# What do you folks think of this Iver Johnson?



## JoeBass (Jan 17, 2022)

For sale near me here in California. It says original paint, but that paint looks awful good. I suppose it's possible:




__





						Log into Facebook
					

Log into Facebook to start sharing and connecting with your friends, family, and people you know.




					www.facebook.com


----------



## Freqman1 (Jan 17, 2022)

JoeBass said:


> For sale near me here in California. It says original paint, but that paint looks awful good. I suppose it's possible:
> 
> 
> 
> ...



I don’t have a FB account so I can’t see it


----------



## dnc1 (Jan 17, 2022)

Freqman1 said:


> I don’t have a FB account so I can’t see it



I don't have a Facebook account either, but I'm still able to view the photos.
I'm not knowledgeable enough to give an opinion on the paint though!


----------



## Freqman1 (Jan 17, 2022)

dnc1 said:


> I don't have a Facebook account either, but I'm still able to view the photos.
> I'm not knowledgeable enough to give an opinion on the paint though!



When I hit the link all it shows me is a login page?


----------



## altapat (Jan 17, 2022)

Looks pretty nice. If it’s unrestored, you have to grap it.


----------



## 49autocycledeluxe (Jan 17, 2022)

Freqman1 said:


> When I hit the link all it shows me is a login page?



I HAD Facebook but no more, when I click the link I get the ad. I can also peruse the classifieds while I am there. seems like once you sign up, they keep spying on you. smart people never signed up at all.


----------



## locomotion (Jan 17, 2022)

IMO. pretty damn nice!
looks like original paint, and it looks to be in very nice condition
seat is very nice, just the saddle (Troxel Star) I would probably pay $500 + if I was still actually buying!

The carbide lamp is very nice. Never seen that model. 

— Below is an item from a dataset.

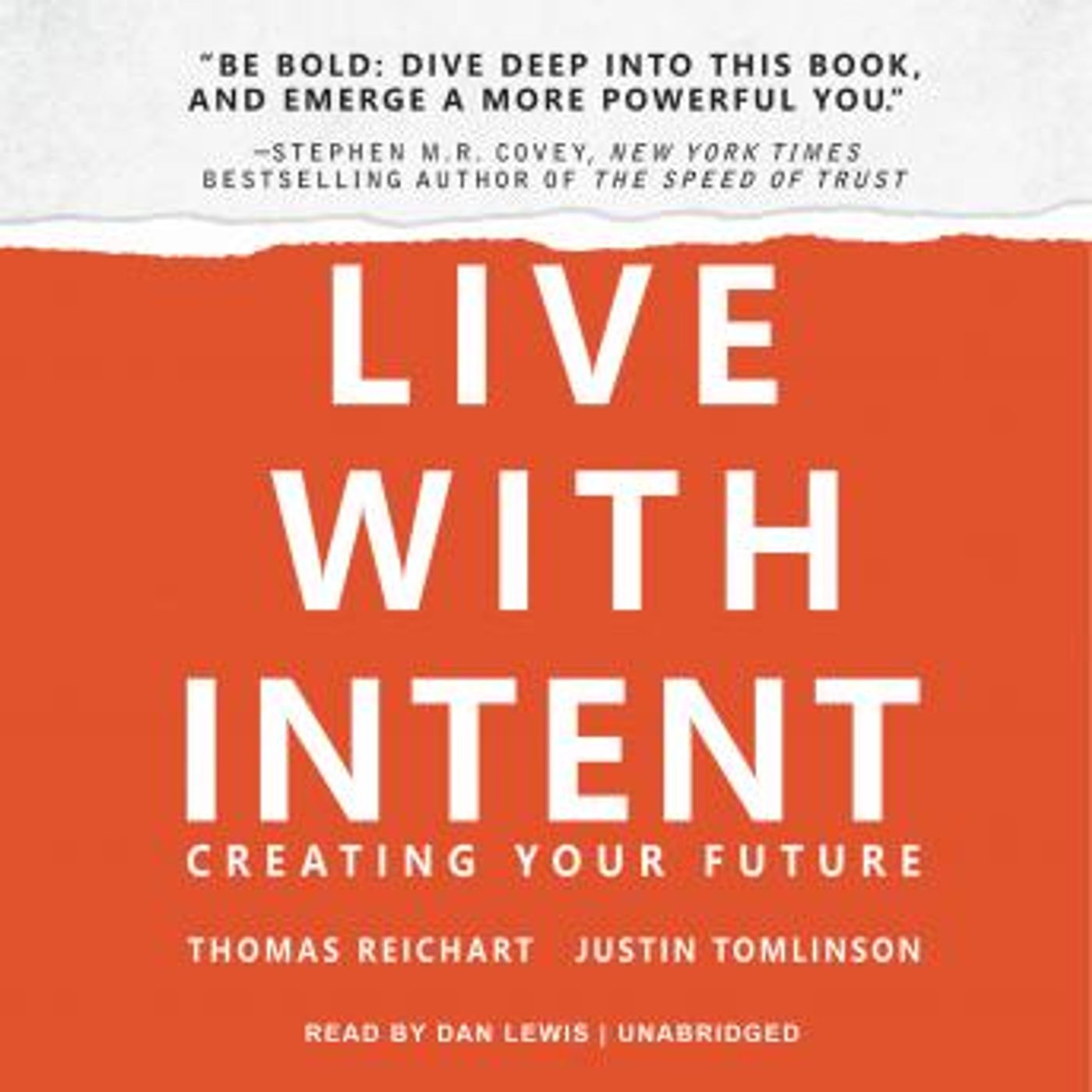 Find Best-Selling Full Trial Audiobooks in Self-Improvement, Career Development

But I am not an Iver pro, don't know how to tell the actual age of it
fenders look very similar to fenders that were on my 1912 Lovell, so 1915 is plausible
ask for a picture of the headbadge


----------



## gkeep (Jan 17, 2022)

WOW! Looks like it's been in a museum for 80 years or so.


----------



## The classic roll (Jan 17, 2022)

JoeBass said:


> For sale near me here in California. It says original paint, but that paint looks awful good. I suppose it's possible:
> https://www.facebook.com/marketplac...com/marketplace/item/329353275722465/[/QUOTE]looks to be original paint. Nice Iver seat tube truss frame decal and Iver Johnson wording on down tube. That bike looks like it was extremely well cared for. Nice looking parts seat and accessories. Paint on wood rims is flaking but shows it’s age nice. That’s definitely a nice early Iver!


----------



## New Mexico Brant (Jan 18, 2022)

Fabulous condition original paint; no question about it!  Besides the grips and tires everything else looks period correct for the bike.


----------



## locomotion (Jan 18, 2022)

@JoeBass did you buy it yet?
I sure someone else probably did if not!


----------



## Iverider (Jan 18, 2022)

1915 was the first year for that joint at the arch to top tube connection. That could be a bit later model due to the star chainring vs. the Snowflake.



1915 Catalog (model 88)




 1916 Model 87. (The model 88 in 1916 is shown with the curved bridge tube fixed to the top tube)








Catalogs show that Iver used flat fenders in 1918, but switched to raingutter (deeper) fenders in 1922. I'm missing 1919-1921 catalogs, so I can't be sure when the switch occurred.


----------



## 49autocycledeluxe (Jan 18, 2022)

what a great bike! must have been stored in the house. poor storage is what kills these old bikes.


----------



## JoeBass (Jan 18, 2022)

Nope, I haven't bought it. I'm still financially buried under a 1927 Hercules path racer restoration not to mention the fact I'm completely out of room for more bikes. They've already crept from the garage into the bedroom. They're just not gonna look right in the kitchen.


----------



## Iverider (Jan 20, 2022)

JoeBass said:


> Nope, I haven't bought it. I'm still financially buried under a 1927 Hercules path racer restoration not to mention the fact I'm completely out of room for more bikes. They've already crept from the garage into the bedroom. They're just not gonna look right in the kitchen.



You’d be surprised. Wood wheels really warm up a room.


----------



## Rambler (Jan 21, 2022)

Shows sold now so somebody got it.


----------



## JoeBass (Jan 21, 2022)

Double post


----------



## JoeBass (Jan 21, 2022)

Looking at Iverider's catalogs, it's amazing that they made this exact model (model 86 with same seat and crank) all the way to 1941!


----------



## bikejunk (Jan 21, 2022)

49autocycledeluxe said:


> I HAD Facebook but no more, when I click the link I get the ad. I can also peruse the classifieds while I am there. seems like once you sign up, they keep spying on you. smart people never signed up at all.



How do you know that your not being spied on right now ....


----------



## skiptooth (Jan 21, 2022)

All original ? I all ways leave my nickel handle bars outside  even in so cal  😀 and the front fender? just painted..


----------



## Goodday (Jan 22, 2022)

Arched bike just far and few between for 2g in that shape, that’s a good buy


----------